About the Forest Legacy Program
Funded through the Land and Water Conservation Fund, the U.S. Forest Service’s Forest Legacy Program—celebrating its 25th anniversary—supports voluntary partnerships between states, forest landowners, conservation organizations and others to help conserve environmentally important forests from conversion to non-forest uses. The main tool used for protecting these important forests is conservation easements to provide for jobs, water quality, wildlife, recreation and a host of other public benefits. The program has protected 2.4 million acres across the nation.

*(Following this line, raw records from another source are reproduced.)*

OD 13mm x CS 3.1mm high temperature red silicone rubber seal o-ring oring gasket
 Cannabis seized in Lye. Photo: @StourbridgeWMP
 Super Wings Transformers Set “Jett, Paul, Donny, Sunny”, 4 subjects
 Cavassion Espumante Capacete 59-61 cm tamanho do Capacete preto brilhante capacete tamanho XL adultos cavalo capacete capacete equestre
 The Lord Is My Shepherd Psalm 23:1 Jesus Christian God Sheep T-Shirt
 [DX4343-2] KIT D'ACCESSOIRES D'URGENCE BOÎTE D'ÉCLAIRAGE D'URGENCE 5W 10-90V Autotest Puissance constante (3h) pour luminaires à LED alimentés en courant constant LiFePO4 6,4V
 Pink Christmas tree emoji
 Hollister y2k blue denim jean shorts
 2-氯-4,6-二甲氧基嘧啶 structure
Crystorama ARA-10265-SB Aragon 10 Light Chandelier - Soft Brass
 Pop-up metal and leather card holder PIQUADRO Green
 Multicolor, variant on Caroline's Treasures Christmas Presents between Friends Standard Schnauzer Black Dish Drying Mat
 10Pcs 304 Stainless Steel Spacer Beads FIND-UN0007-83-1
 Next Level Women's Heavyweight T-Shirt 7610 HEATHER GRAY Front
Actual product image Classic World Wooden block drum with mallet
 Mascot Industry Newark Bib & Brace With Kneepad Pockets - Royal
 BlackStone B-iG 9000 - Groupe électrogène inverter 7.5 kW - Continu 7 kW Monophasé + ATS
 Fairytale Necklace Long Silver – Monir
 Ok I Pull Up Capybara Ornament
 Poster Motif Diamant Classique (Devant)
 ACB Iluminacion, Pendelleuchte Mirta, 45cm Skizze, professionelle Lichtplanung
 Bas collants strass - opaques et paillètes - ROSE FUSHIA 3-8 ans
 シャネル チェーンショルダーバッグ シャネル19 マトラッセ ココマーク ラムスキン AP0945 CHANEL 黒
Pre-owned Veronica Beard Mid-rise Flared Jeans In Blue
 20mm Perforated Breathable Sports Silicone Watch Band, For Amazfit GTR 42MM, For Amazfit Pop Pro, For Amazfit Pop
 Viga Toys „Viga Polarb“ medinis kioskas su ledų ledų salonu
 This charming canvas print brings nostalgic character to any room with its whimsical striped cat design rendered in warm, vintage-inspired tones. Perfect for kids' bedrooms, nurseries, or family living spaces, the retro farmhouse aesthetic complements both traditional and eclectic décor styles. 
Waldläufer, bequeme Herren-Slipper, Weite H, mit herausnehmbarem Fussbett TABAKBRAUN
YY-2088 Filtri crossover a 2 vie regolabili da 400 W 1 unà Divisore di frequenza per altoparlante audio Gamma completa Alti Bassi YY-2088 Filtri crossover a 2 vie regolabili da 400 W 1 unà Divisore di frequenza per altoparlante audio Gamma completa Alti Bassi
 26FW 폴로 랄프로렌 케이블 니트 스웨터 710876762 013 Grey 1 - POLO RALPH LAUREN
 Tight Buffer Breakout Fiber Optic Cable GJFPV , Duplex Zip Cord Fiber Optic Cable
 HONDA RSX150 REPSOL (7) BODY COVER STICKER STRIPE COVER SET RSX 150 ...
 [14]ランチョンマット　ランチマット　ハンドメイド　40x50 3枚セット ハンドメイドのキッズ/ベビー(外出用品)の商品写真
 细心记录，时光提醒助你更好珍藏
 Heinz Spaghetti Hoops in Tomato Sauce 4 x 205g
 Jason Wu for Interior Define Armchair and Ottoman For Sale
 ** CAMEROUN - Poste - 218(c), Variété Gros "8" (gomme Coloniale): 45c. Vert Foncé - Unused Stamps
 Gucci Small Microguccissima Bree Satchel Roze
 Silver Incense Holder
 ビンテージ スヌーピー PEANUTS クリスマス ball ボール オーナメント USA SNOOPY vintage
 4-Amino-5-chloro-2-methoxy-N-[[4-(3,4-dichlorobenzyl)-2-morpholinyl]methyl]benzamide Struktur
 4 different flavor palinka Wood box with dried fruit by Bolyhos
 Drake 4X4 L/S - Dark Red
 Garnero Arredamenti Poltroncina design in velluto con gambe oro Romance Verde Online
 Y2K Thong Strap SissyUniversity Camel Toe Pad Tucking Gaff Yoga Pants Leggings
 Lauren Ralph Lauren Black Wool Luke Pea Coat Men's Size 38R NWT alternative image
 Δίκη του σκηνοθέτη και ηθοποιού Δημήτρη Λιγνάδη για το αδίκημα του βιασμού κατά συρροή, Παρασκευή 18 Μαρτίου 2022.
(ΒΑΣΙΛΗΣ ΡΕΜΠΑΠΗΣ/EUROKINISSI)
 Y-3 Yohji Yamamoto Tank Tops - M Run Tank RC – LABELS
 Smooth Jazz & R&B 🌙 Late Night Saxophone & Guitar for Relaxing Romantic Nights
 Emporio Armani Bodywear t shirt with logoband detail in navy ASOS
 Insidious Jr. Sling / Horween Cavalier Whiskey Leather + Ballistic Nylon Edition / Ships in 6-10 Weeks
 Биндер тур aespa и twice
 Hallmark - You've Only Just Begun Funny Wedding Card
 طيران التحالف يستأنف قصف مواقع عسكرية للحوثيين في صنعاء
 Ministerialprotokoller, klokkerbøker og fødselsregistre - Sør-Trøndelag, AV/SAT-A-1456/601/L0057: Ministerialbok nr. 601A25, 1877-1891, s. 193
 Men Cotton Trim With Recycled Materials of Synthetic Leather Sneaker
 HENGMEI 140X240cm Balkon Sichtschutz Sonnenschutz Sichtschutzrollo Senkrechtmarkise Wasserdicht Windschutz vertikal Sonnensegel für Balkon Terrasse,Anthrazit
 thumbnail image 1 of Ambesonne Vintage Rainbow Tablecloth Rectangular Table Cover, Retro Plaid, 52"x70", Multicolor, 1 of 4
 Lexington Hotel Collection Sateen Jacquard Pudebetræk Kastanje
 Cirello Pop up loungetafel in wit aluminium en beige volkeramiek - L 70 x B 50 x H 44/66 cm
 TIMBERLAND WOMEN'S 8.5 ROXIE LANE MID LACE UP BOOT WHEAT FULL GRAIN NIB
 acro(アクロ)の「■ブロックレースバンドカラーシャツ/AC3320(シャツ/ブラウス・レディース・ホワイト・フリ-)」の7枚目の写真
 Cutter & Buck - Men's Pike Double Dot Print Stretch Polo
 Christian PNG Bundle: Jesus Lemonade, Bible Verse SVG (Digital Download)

About the Land and Water Conservation Fund (LWCF)
Established by Congress in 1965, LWCF is a visionary and bipartisan federal program that uses a percentage of proceeds from offshore oil and gas royalties for the protection of irreplaceable lands and improvement of outdoor recreation opportunities across the nation. No taxpayer dollars are used to support LWCF. The program has permanently protected nearly five million acres of public lands including forests, natural resources, state and local parks and recreation areas.

In this 50th year of the LWCF, President Obama has called for full, permanent funding in his proposed budget, recognizing that LWCF is one of the nation’s most effective tools for conserving natural landscapes for public outdoor recreation use and enjoyment across the country; preserving and protecting rivers, lakes and other water resources; and expanding the interpretation of historic and cultural sites. August 12 marks 50 calendar days and just 10 legislative days until the current authorization for the Land and Water Conservation Fund expires., but there are efforts in the U.S. Congress—such as S. 890—to reauthorize the program and fully fund it at its authorized amount of $900 million. Failure to reauthorize LWCF or weakening this landmark conservation law would have devastating consequences and unravel decades of progress protecting America’s irreplaceable natural, historic and cultural resources.

About the U.S. Forest Service
The mission of the U.S. Forest Service, part of the U.S. Department of Agriculture, is to sustain the health, diversity and productivity of the Nation's forests and grasslands to meet the needs of present and future generations. The agency manages 193 million acres of public land, provides assistance to state and private landowners, and maintains the largest forestry research organization in the world.